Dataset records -
☆ ☆ ☆ ☆ ☆

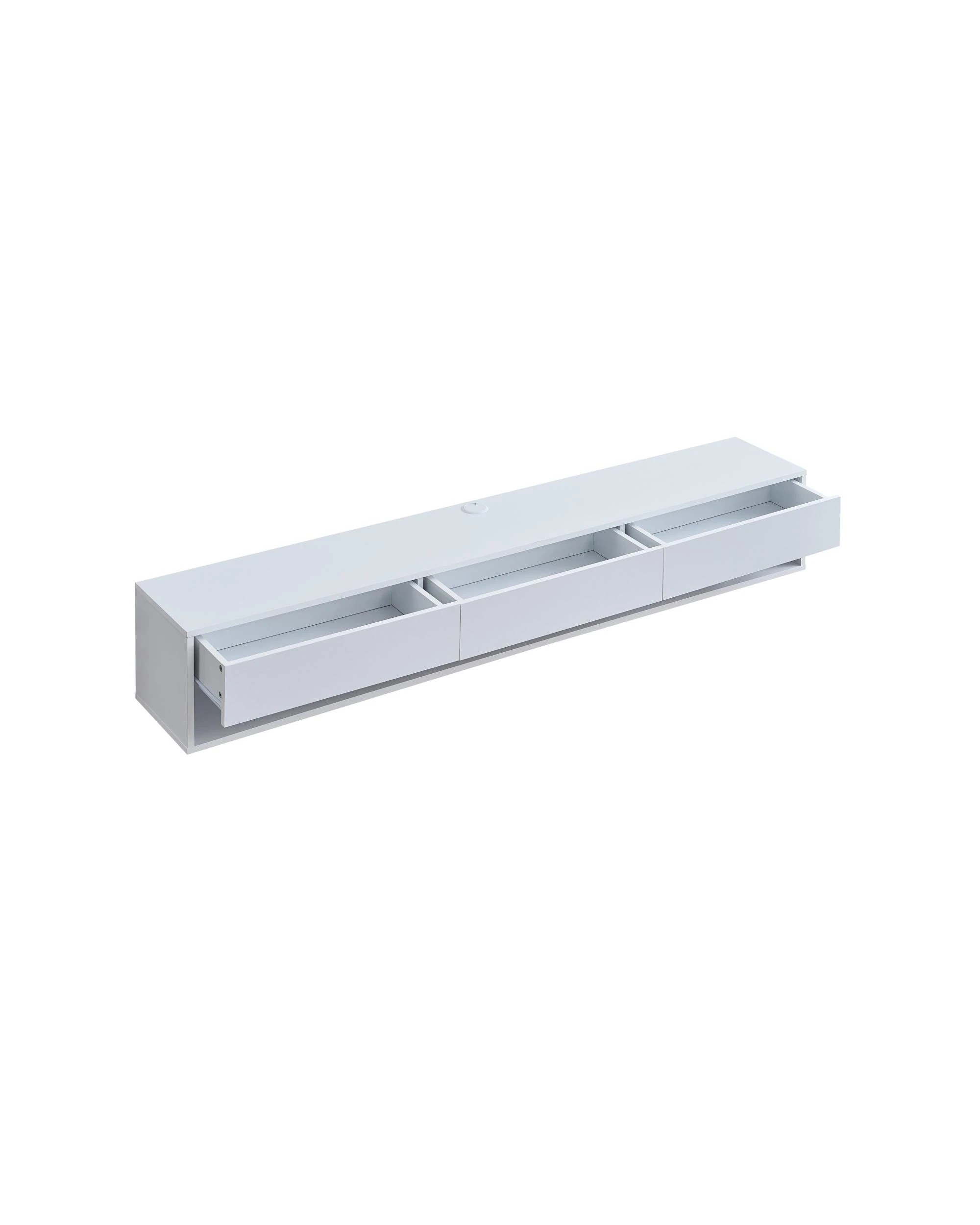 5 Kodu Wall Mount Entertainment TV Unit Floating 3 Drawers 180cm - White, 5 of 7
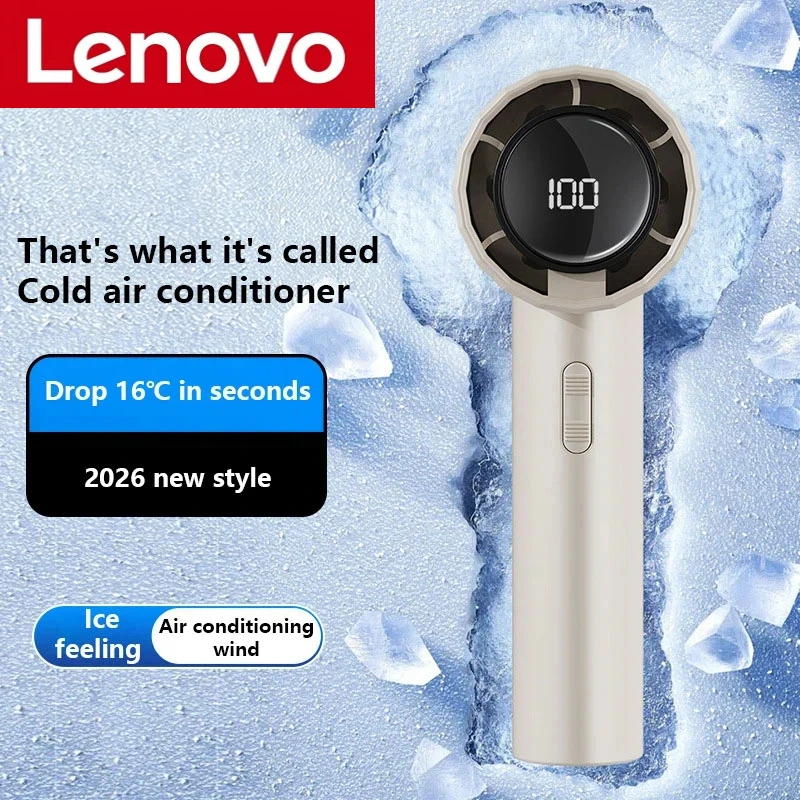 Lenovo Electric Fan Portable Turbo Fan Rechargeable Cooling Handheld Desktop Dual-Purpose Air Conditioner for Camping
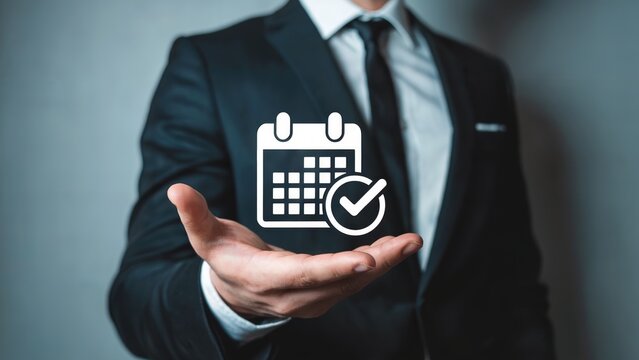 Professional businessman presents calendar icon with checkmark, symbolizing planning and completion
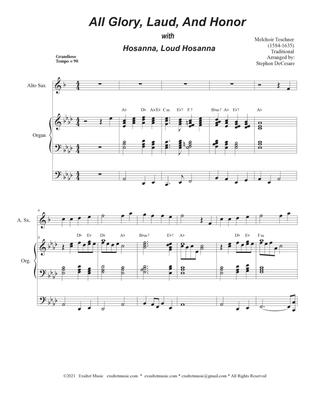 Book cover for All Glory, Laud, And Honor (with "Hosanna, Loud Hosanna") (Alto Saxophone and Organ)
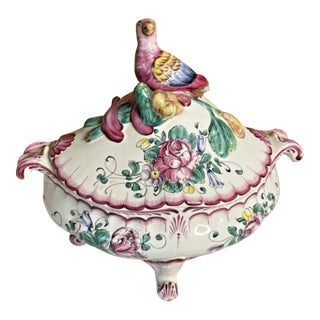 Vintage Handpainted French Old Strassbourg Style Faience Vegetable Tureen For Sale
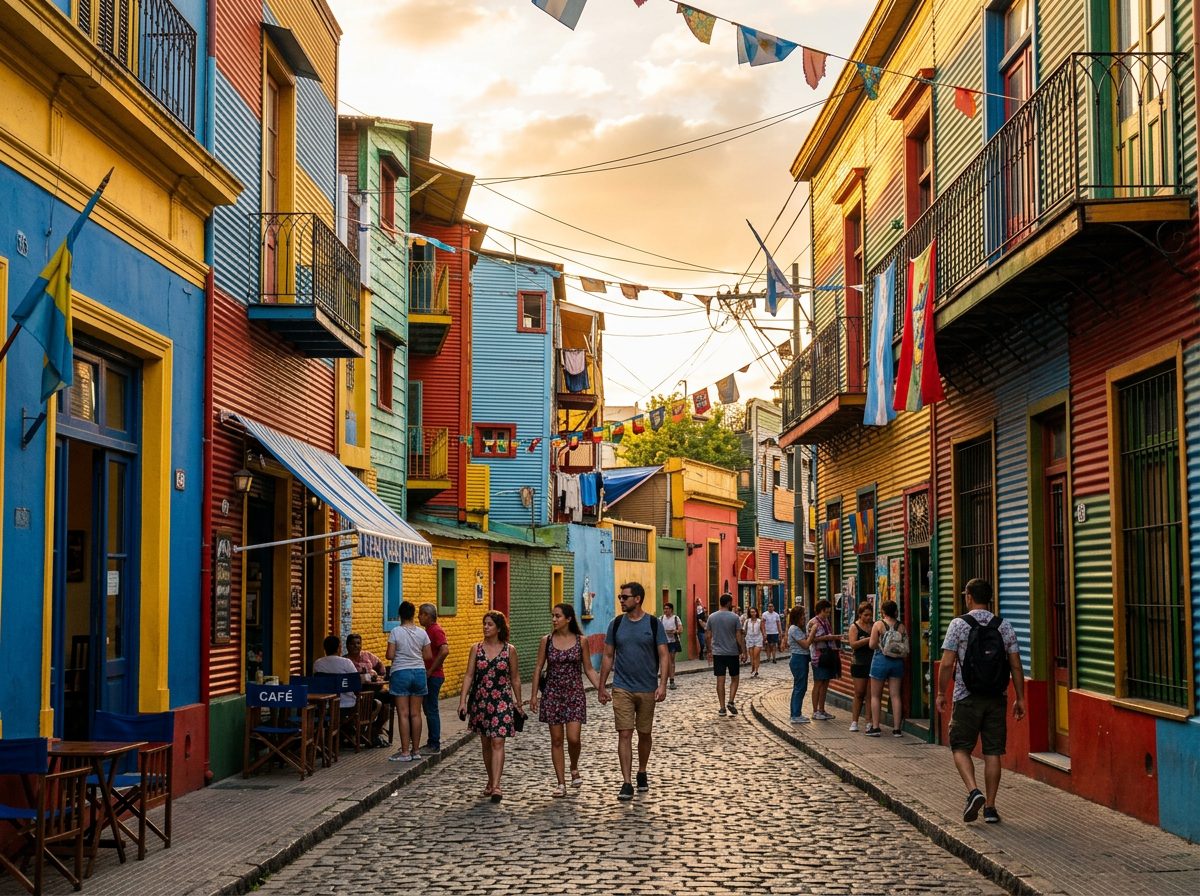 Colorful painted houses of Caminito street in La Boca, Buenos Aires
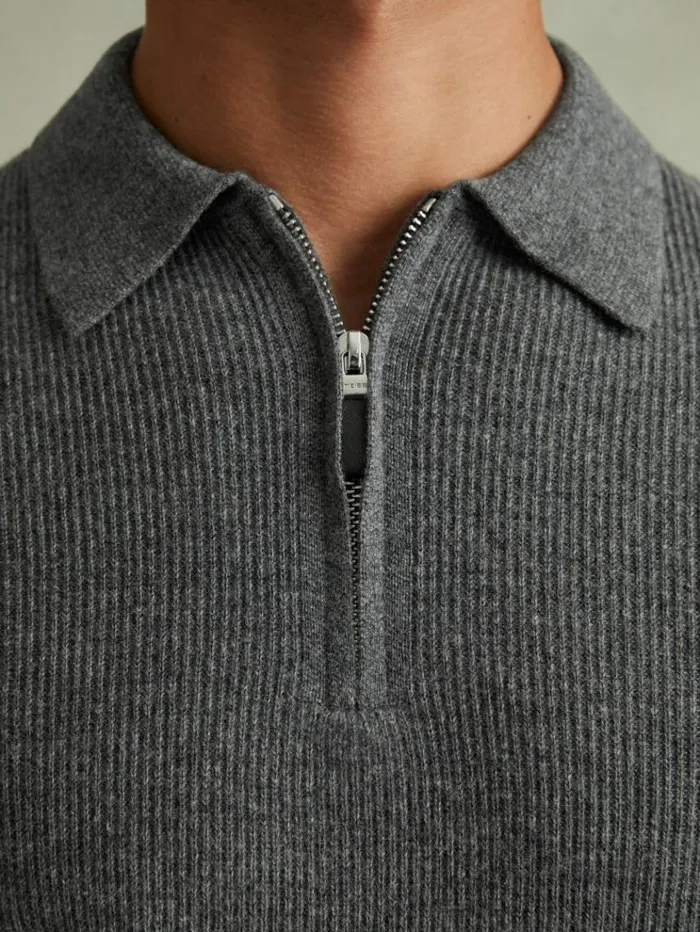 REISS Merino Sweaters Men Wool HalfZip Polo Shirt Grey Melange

☆ ☆ ☆ ☆ ☆

YOUR GOAL - "Lenovo Electric Fan" marks the last line to keep. Retype every line from the start of the entries through that one, exactly, and drop the pictures.

ANSWER BOX -
 5 Kodu Wall Mount Entertainment TV Unit Floating 3 Drawers 180cm - White, 5 of 7
 Lenovo Electric Fan Portable Turbo Fan Rechargeable Cooling Handheld Desktop Dual-Purpose Air Conditioner for Camping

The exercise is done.